Crypto news

25.06.2026
18:23

Fed Stress Test: Largest US Banks Withstand Scenario with $708 Billion in Losses

The U.S. Federal Reserve has completed its annual stress test, which confirmed the resilience of the country's 32 largest banks. Even under a hypothetical deep recession scenario, assuming total loan losses of $708 billion, all test participants maintained capital above the regulatory minimums set by the Fed.

Details of the Hypothetical Scenario

As part of the review, the Fed modeled an extremely adverse scenario: unemployment rising to 10%, commercial real estate falling by 39%, housing by 30%, and a GDP contraction of 4.6%. Stock indices in the model plummeted by 58%, significantly increasing pressure on banks' corporate portfolios.

The aggregate capital level of test participants fell by only 1.6 percentage points — from 12.8% to 11.2%. This is notably above the regulatory thresholds, indicating a high buffer strength in the sector.

Main Sources of Losses

The largest expected losses came from credit card portfolios — approximately $200 billion. Losses on commercial and industrial loans amounted to about $160 billion, and commercial real estate added another $75 billion.
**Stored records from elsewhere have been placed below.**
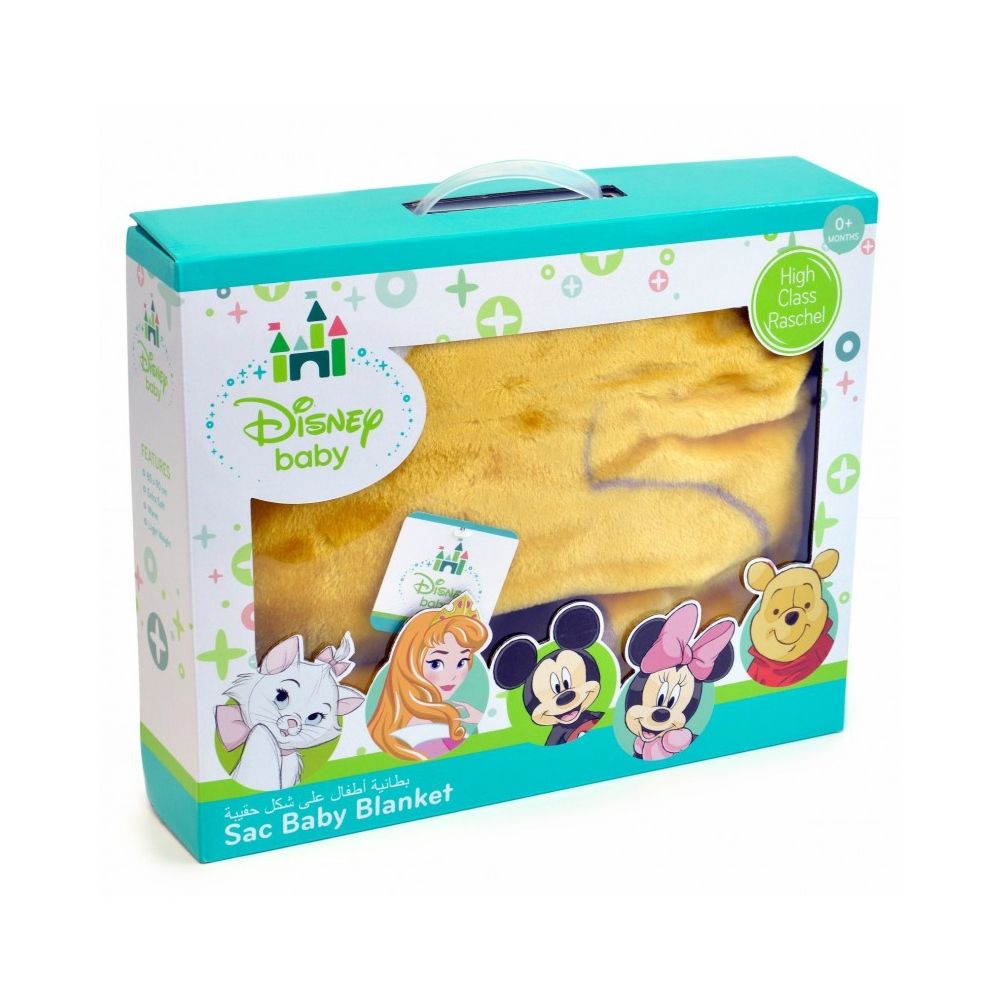 Disney Sac Baby Blanket Winnie the Pooh Boy Babystore.ae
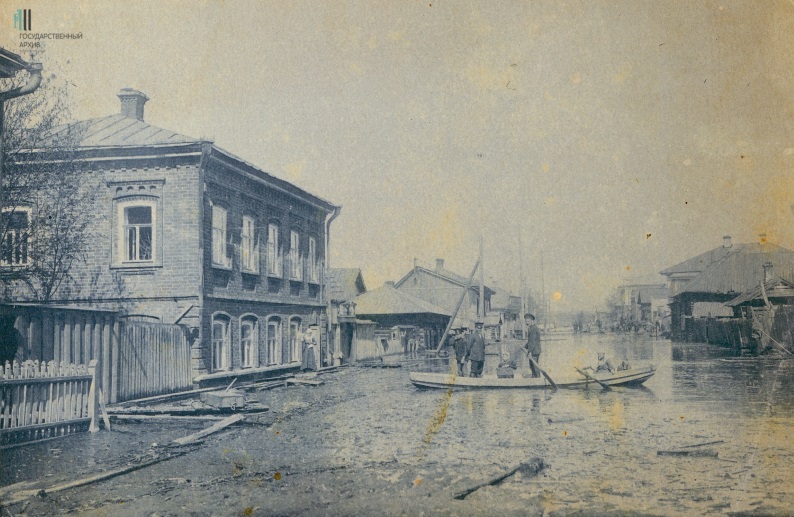 Вода большого города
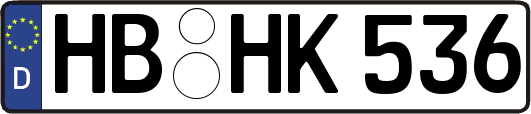 HB-HK536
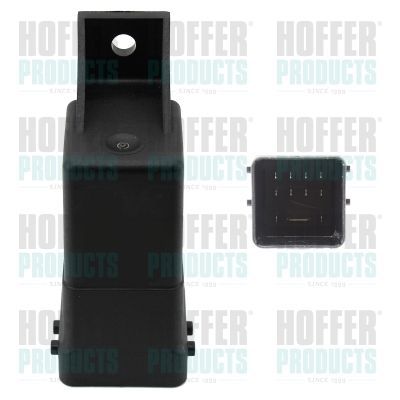 Relė, kaitinimo žvakių sistema HOFFER H7285714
Two factors intensified the pressure on capital: massive loan losses and strict model assumptions. However, a mitigating factor was the banks' high interest income, which partially offset the negative impact. Additionally, the scenario assumed a moderate decline in interest rates, which supported margins.

Regulatory Perspective

Federal Reserve Vice Chair for Supervision Michelle Bowman called the results "proof of the banking system's reliability." It is important to note that current regulations will remain unchanged until 2027, after which the regulator plans to implement new calculation models based on feedback.

Analyst Comment: The stress test results are a positive signal for the market as a whole. They demonstrate that the U.S. banking system is prepared for serious economic shocks. For the cryptocurrency market, this means a reduced risk of a systemic liquidity crisis that could trigger a mass sell-off of risky assets. Nevertheless, it should be remembered that the Fed's model does not account for specific risks associated with digital assets, and we continue to closely monitor the dynamics of bank balance sheets.